[Exercise directions]:
The answer must repeat each line of the material exactly.

[Records supplied]:
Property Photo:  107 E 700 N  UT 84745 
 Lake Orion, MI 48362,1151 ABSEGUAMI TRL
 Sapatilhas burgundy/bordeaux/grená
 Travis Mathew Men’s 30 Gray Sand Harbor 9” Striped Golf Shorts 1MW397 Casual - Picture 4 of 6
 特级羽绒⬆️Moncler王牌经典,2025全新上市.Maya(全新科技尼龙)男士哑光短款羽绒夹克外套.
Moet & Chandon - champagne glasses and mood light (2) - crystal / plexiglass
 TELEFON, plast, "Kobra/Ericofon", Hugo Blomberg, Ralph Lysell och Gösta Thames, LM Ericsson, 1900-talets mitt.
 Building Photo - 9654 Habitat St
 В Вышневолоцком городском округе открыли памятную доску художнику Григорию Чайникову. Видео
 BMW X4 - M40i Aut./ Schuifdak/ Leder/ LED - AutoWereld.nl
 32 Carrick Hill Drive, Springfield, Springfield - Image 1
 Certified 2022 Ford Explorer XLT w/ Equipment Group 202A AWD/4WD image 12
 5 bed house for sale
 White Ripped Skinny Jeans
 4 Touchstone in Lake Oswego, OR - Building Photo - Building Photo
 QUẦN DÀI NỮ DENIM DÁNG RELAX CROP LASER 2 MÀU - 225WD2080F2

[Written solution]:
Property Photo:  107 E 700 N  UT 84745 
 Lake Orion, MI 48362,1151 ABSEGUAMI TRL
 Sapatilhas burgundy/bordeaux/grená
 Travis Mathew Men’s 30 Gray Sand Harbor 9” Striped Golf Shorts 1MW397 Casual - Picture 4 of 6
 特级羽绒⬆️Moncler王牌经典,2025全新上市.Maya(全新科技尼龙)男士哑光短款羽绒夹克外套.
Moet & Chandon - champagne glasses and mood light (2) - crystal / plexiglass
 TELEFON, plast, "Kobra/Ericofon", Hugo Blomberg, Ralph Lysell och Gösta Thames, LM Ericsson, 1900-talets mitt.
 Building Photo - 9654 Habitat St
 В Вышневолоцком городском округе открыли памятную доску художнику Григорию Чайникову. Видео
 BMW X4 - M40i Aut./ Schuifdak/ Leder/ LED - AutoWereld.nl
 32 Carrick Hill Drive, Springfield, Springfield - Image 1
 Certified 2022 Ford Explorer XLT w/ Equipment Group 202A AWD/4WD image 12
 5 bed house for sale
 White Ripped Skinny Jeans
 4 Touchstone in Lake Oswego, OR - Building Photo - Building Photo
 QUẦN DÀI NỮ DENIM DÁNG RELAX CROP LASER 2 MÀU - 225WD2080F2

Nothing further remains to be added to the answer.